Geoff Hunt was inducted into the Sport Australia Hall of Fame in 1985 as an Athlete Member and was elevated to Legend of Australian Sport in 2024 for his contribution to the sport of squash.
Geoff Hunt combined elite talent, intense work ethic, determination, discipline and dogged court craft to become one of the world’s greatest squash players.
In doing so, he helped to popularise the sport during one of its rich golden eras.
Having won the Australian Junior Championships in 1963, Hunt went on to secure the Australian Amateur Squash Championships two years later and would win the biannual International Amateur Individual Championship on three occasions (1967, 1969 and 1971), including the inaugural title.
He was ranked the world’s No.1 player from 1975 to 1980.
During that time, he won the inaugural World Open Squash Championship in 1976 – the first of four victories in the prestigious event, including 1977, 1979 and 1980.

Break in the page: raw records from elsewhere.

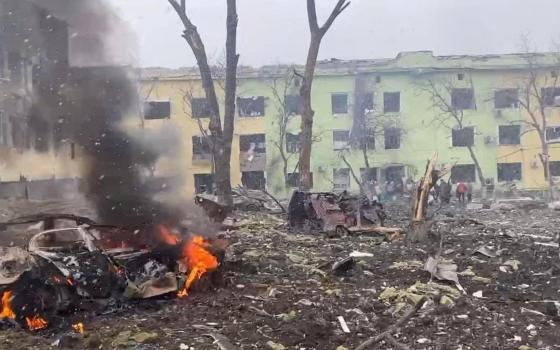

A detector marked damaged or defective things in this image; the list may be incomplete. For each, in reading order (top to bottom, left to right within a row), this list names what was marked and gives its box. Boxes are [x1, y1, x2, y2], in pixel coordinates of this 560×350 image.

damaged roof [139, 50, 560, 80]
broken window [143, 100, 170, 119]
broken window [190, 98, 212, 118]
broken window [235, 96, 264, 117]
broken window [284, 93, 302, 115]
broken window [330, 92, 348, 114]
broken window [382, 91, 400, 112]
broken window [452, 87, 474, 109]
broken window [494, 89, 520, 108]
broken window [540, 87, 560, 106]
broken window [191, 136, 211, 159]
broken window [240, 134, 266, 153]
broken window [332, 130, 350, 149]
damaged building [140, 51, 560, 198]
broken window [382, 129, 400, 150]
broken window [450, 127, 472, 146]
broken window [498, 126, 520, 145]
broken window [544, 126, 560, 143]
broken window [192, 174, 214, 194]
broken window [241, 171, 266, 190]
broken window [286, 173, 312, 189]
broken window [332, 169, 350, 190]
broken window [360, 167, 378, 183]
broken window [382, 166, 404, 183]
broken window [448, 164, 474, 183]
broken window [498, 163, 520, 182]
destroyed vehicle [288, 190, 384, 234]
charred wreckage [0, 215, 223, 332]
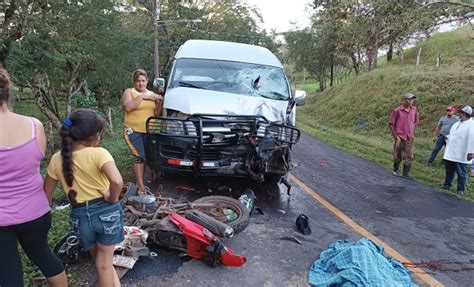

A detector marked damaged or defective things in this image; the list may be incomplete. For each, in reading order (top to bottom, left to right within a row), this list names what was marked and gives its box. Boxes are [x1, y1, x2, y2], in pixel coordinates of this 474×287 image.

crumpled hood [163, 88, 288, 124]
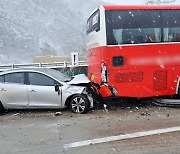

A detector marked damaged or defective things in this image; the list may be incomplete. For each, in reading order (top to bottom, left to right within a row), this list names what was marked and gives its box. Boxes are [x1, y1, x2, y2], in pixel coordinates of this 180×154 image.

damaged white car [0, 68, 93, 113]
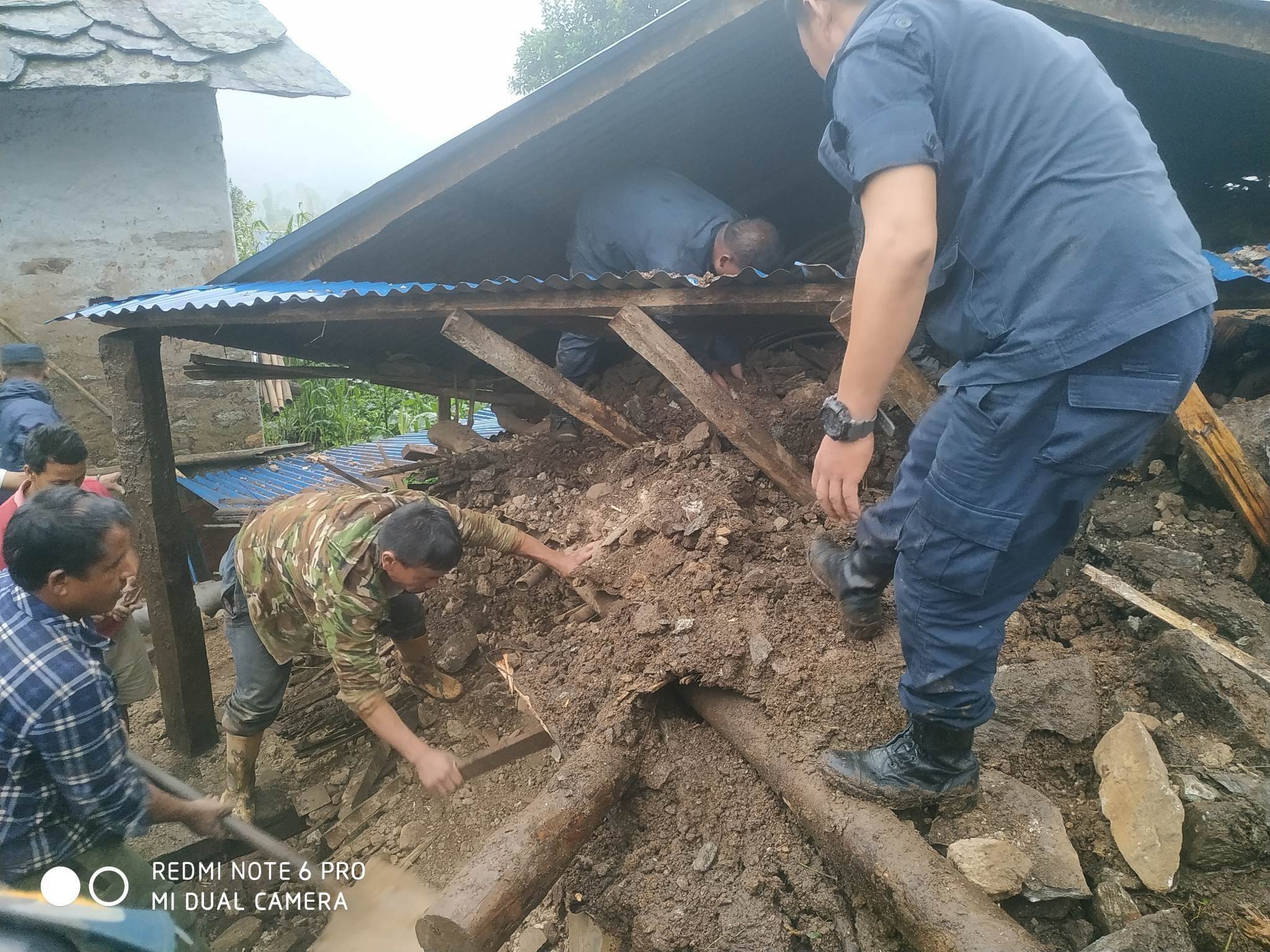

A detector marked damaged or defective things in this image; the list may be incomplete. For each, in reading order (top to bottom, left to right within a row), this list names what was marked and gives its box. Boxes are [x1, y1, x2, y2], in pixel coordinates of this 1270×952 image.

broken wooden rafter [444, 309, 650, 452]
broken wooden rafter [612, 307, 812, 508]
broken wooden rafter [828, 302, 939, 424]
broken wooden rafter [1168, 386, 1270, 556]
debris of broken wood [1081, 566, 1270, 685]
broken wooden rafter [1081, 563, 1270, 690]
broken wooden rafter [416, 736, 635, 949]
broken wooden rafter [680, 690, 1046, 952]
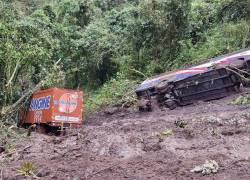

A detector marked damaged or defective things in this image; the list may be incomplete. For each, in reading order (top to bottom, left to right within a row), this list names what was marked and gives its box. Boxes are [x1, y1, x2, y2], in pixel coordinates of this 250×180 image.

overturned bus [136, 47, 250, 110]
overturned truck [136, 48, 250, 111]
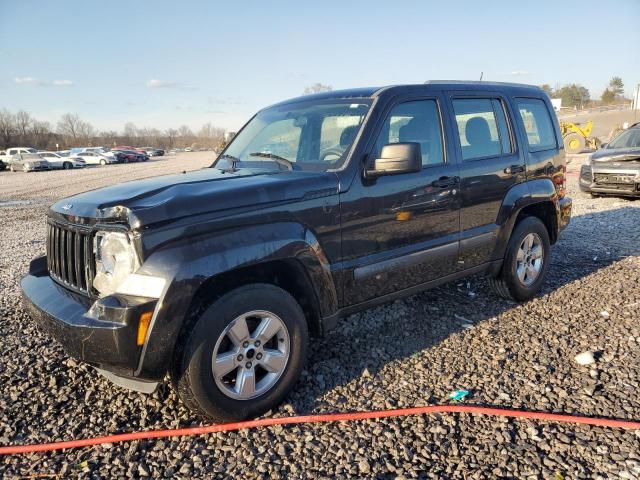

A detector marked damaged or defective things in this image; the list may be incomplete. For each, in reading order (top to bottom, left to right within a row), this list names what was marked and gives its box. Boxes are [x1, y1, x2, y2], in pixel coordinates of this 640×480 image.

cracked headlight [93, 232, 139, 296]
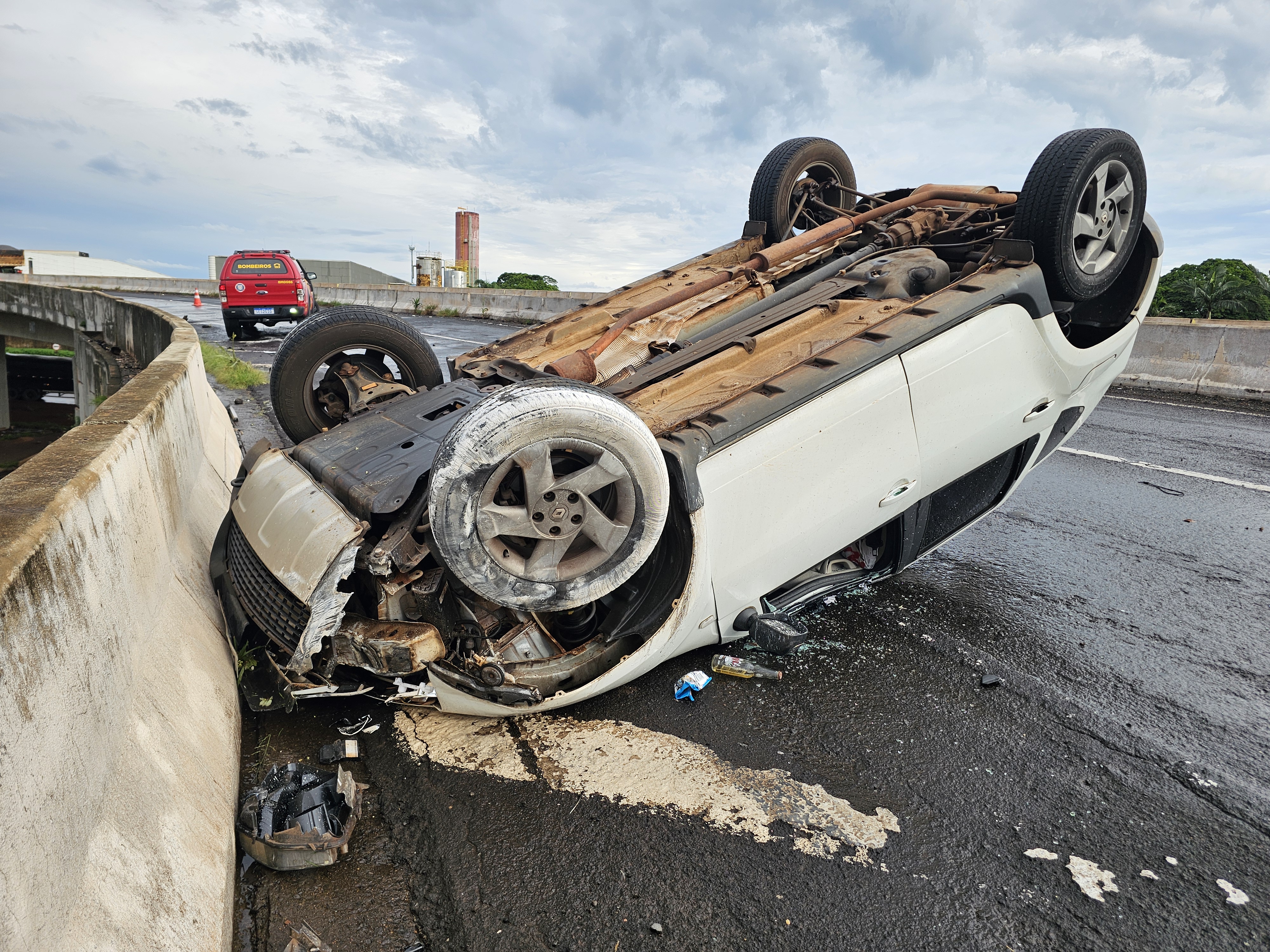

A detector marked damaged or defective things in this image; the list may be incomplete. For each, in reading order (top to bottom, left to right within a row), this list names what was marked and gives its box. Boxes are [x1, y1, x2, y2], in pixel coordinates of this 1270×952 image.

He won the British Open on eight occasions (1969, 1974, 1976-81), and was the Australian Open champion eight times (1971, 1974, 1976-81).
Hunt won 178 of the 215 tournaments he contested.
He was made a Member of the Order of the British Empire (MBE) in 1972 and became a Member of the Order of Australia (AM) in 1982.
He was also inducted into the World Squash Federation Hall of Fame and was made a Legend of the Squash Australia Hall of Fame.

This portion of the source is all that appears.